Activating a backend¶

To activate the frontier middleware component, set it through the BACKEND setting.

Here’s an example:

BACKEND = 'crawlfrontier.contrib.backends.memory.FIFO'

Keep in mind that some backends may need to be enabled through a particular setting. See each backend documentation for more info.

Writing your own backend¶

Writing your own frontier backend is easy. Each Backend component is a single Python class inherited from Component.

FrontierManager will communicate with active Backend through the methods described below.

Built-in backend reference¶

This page describes all each backend documentation components that come with Crawl Frontier. For information on how to use them and how to write your own middleware, see the backend usage guide..

To know the default activated Backend check the BACKEND setting.

Basic algorithms¶

Some of the built-in Backend objects implement basic algorithms as as FIFO/LIFO or DFS/BFS for page visit ordering.

Differences between them will be on storage engine used.
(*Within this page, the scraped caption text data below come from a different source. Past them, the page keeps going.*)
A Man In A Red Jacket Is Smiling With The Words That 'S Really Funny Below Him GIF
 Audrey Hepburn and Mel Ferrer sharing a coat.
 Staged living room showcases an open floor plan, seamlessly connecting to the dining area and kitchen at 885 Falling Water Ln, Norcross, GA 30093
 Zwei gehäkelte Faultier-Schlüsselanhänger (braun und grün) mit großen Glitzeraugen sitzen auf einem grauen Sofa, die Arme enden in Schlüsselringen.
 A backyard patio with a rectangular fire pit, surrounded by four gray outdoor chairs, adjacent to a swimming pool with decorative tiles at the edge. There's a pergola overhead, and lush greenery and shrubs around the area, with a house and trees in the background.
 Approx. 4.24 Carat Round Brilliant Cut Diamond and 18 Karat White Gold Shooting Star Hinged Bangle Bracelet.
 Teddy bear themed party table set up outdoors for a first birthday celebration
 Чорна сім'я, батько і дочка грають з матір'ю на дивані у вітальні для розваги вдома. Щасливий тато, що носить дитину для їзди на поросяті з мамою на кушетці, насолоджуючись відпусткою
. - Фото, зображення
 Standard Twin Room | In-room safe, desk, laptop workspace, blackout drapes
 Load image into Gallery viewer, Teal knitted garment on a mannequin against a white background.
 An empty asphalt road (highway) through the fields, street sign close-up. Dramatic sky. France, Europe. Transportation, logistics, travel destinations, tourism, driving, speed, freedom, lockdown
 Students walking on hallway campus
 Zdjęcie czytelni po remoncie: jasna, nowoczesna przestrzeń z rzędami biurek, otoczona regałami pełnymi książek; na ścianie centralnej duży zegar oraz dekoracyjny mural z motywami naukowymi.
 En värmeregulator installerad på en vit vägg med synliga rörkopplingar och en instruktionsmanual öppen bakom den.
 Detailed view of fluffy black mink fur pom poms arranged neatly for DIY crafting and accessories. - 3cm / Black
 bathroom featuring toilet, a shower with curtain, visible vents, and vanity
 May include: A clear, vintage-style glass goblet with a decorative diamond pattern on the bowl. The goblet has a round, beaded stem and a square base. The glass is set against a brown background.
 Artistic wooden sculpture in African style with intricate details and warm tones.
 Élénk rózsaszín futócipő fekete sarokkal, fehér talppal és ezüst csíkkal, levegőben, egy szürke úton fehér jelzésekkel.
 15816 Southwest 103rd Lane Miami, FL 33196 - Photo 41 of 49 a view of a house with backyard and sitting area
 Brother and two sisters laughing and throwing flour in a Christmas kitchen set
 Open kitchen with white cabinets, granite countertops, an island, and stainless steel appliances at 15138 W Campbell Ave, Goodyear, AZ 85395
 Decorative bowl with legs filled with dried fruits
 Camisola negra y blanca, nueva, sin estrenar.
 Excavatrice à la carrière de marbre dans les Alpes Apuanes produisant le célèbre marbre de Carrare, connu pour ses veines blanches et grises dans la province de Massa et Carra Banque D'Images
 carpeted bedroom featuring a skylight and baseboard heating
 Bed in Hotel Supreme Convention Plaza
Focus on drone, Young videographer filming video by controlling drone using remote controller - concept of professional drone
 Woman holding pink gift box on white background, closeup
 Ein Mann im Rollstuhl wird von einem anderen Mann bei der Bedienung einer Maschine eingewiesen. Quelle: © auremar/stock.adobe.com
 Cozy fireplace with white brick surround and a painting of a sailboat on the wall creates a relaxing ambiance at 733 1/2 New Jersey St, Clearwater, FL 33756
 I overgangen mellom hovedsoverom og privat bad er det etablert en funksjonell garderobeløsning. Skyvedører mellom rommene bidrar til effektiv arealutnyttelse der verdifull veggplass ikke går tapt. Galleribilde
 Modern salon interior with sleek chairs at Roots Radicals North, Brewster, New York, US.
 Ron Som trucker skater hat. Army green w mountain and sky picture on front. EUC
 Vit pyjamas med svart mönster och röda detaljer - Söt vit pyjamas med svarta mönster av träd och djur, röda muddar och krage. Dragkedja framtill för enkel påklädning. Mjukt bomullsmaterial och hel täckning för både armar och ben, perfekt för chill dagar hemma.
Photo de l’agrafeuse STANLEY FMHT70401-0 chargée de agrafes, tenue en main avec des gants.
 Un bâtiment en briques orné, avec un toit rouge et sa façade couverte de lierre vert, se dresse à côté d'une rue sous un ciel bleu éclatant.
For instance, memory.FIFO and sqlalchemy.FIFO will use the same logic but with different storage engines.

Memory backends¶

This set of Backend objects will use an heapq object as storage for basic algorithms.

class crawlfrontier.contrib.backends.memory.BASE¶: Base class for in-memory heapq Backend objects.

class crawlfrontier.contrib.backends.memory.FIFO¶: In-memory heapq Backend implementation of FIFO algorithm.

class crawlfrontier.contrib.backends.memory.LIFO¶: In-memory heapq Backend implementation of LIFO algorithm.

class crawlfrontier.contrib.backends.memory.BFS¶: In-memory heapq Backend implementation of BFS algorithm.

class crawlfrontier.contrib.backends.memory.DFS¶: In-memory heapq Backend implementation of DFS algorithm.

class crawlfrontier.contrib.backends.memory.RANDOM¶: In-memory heapq Backend implementation of a random selection algorithm.

SQLAlchemy backends¶

This set of Backend objects will use SQLAlchemy as storage for basic algorithms.

By default it uses an in-memory SQLite database as a storage engine, but any databases supported by SQLAlchemy can be used.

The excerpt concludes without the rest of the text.